Bati palmas. Não escutou.
_Javier, qué haces ahí?
_Yo que te pregunto!!! Cómo entraste?
_Por la puerta...- E pensei: ué, o lógico
não é entrar pela porta?
Olhei para trás.
Havia caminhando por um restaurante escuro com uma placa enorme na frente que
dizia: CERRADO. O mais intrigante é que o
señor se pôs nervoso como se tivesse sido pego de cuecas por alguém
completamente estranho. Sim, eu era a estranha. Completamente.
-Perdón... Pero, tengo hambre. Tomé solo el
desayuno por la mañana...
Javier me olhava
incrédulo. O restaurante fechado. Os empregados tinham ido embora. Atirou o
cigarro longe. E começou a falar com todos os fonemas que eu tinha aprendido na
aula de espanhol da Espanha. Javier era de Aragón,
de onde talvez tenham vindo meus antepassados.
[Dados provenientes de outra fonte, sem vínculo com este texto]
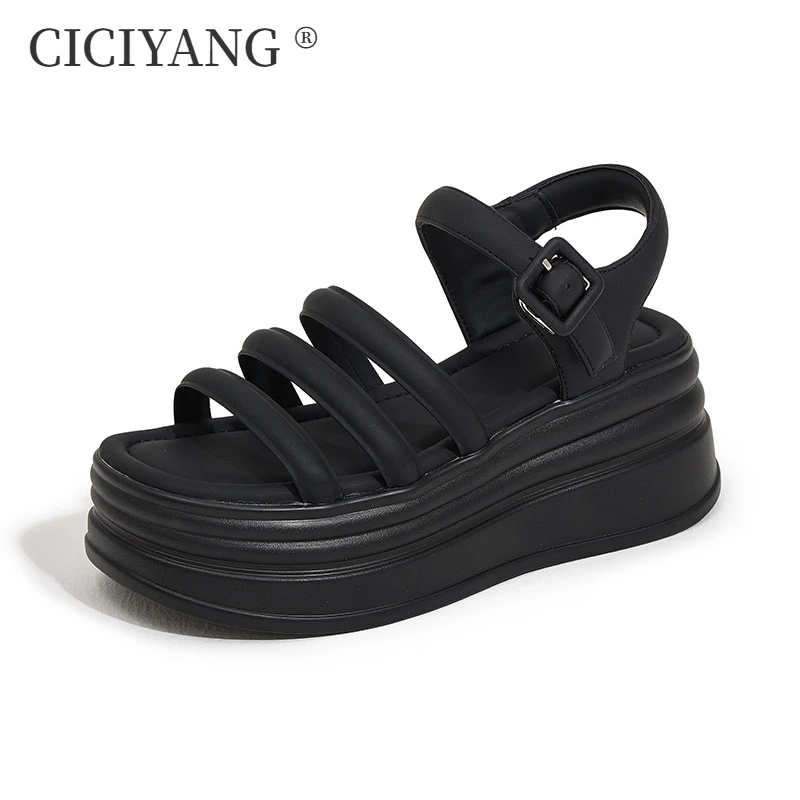 Ciciyang Romeinse Sandalen Vrouwen 2024 Zomer Nieuwe Mode Hoge Hakken Plateausandalen Voor Dames Antislip Strandschoenen Met Open Tenen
Bem, as informações que pude
extrair foram estas: A cozinha está
fechada. Não temos almoço. Não sei o que fazer.
Na verdade,
existe uma coisa que tenho aprendido desde o primeiro dia em que pisei em Montevideo: o uso da minha licença. É um tipo de licença que só é
concedida a crianças muito pequenas, velhos e estrangeiros. Por exemplo, como
andar na rua com roupas cujas cores não combinam, mas ninguém vai recriminar,
porque você é estrangeiro e talvez não saiba que está ridículo. Como no dia em
que, no Rio, encontrei um amigo argentino, um senhor de mais de 60 anos, muito
respeitável ator e diretor de teatro, vestido de terno e com uma “canga de
praia” enrolada no pescoço. Não uma
bufanda. Não uma echarpe. E mesmo
que todo artista seja excêntrico: “canga de praia” se usa na praia. Mas ninguém
se importou. Nem eu perguntei.
O que eu fazia a
Javier era exatamente o que eu fazia com a moça da loja de ferragens, e também
com a da lavanderia, a da imobiliária, sem esquecer o motorista de ônibus, o
recepcionista do hotel, o porteiro do prédio, todo e qualquer transeunte que me
atravessasse o caminho. Estava exercendo, até as últimas consequências, minha licença estrangeira. Em nada se parece
com o que li. Nem Sartre. Nem Camus. Nem Calvino. Nem Arenas perambulando pelas
ruas de Nova York. Nem Kafka. Nem Kristeva. Não é da língua que sinto falta. É
da vida que não ocorre. Saio em busca de tropeços, a catar pedaços, diálogos, e
a tentar fazer, desesperadamente, desses encontros, ao menos, uma licença poética. Para quem está ali, na
minha frente, e que depois retomará ao seu todo. O todo que me falta agora. Ou
para mim mesma.
Ao perceber que não
sairia de seu restaurante sem um pedaço de alface, Javier me levou até a mesa
onde costumo sentar todos os dias, ao lado da enorme janela de vidro que
ilumina o salão. No te muevas.Voltou
com uma empanada gallega. Fria de
geladeira. Hechuga, tomato, aceite, sal, pan, un vaso de água. Depois de me ver
devorar tudo, ainda trouxe café y postre.
_ Qué hiciste durante el dia para no comer?
_ Trabajava en mi presentación para el curso
que estoy haciendo en la Universid...
Ele riu. Não sei
se pela minha agitação de ter passado o dia visivelmente envolvida em pensamentos
abstratos ao ponto de esquecer-me de comer. Ou se pelo o espanhol que agora estou
transcrevendo e que, naquela situação, também lhe soava desastroso. Imagino que
se ria mesmo por lembrar que, um dia, uma pessoa também lhe oferecera um prato
de comida durante um súbito ataque de licença
estrangeira. Enfim. Cobrou-me menos que o habitual. Abriu a porta, tocou-me
o ombro e disse: Hasta mañana!
Na madrugada do dia 20, quando cheguei à Montevidéu, o avião não teve permissão de pouso. A viagem em si não é tão solitária, as luzes de outras cidades nos acompanham. Mas com a ordem da não aterrissagem, ficou escuro. Acho que sobrevoávamos o mar em círculos. Ainda houve alguém que perguntasse se entre nós havia algum candidato à presidência...que humor! Nos dois dias que se seguiram, estava Montevidéu assim, ensolarada. É a primeira vez que saio do país. OBS: não era o mar,era um rio enorme.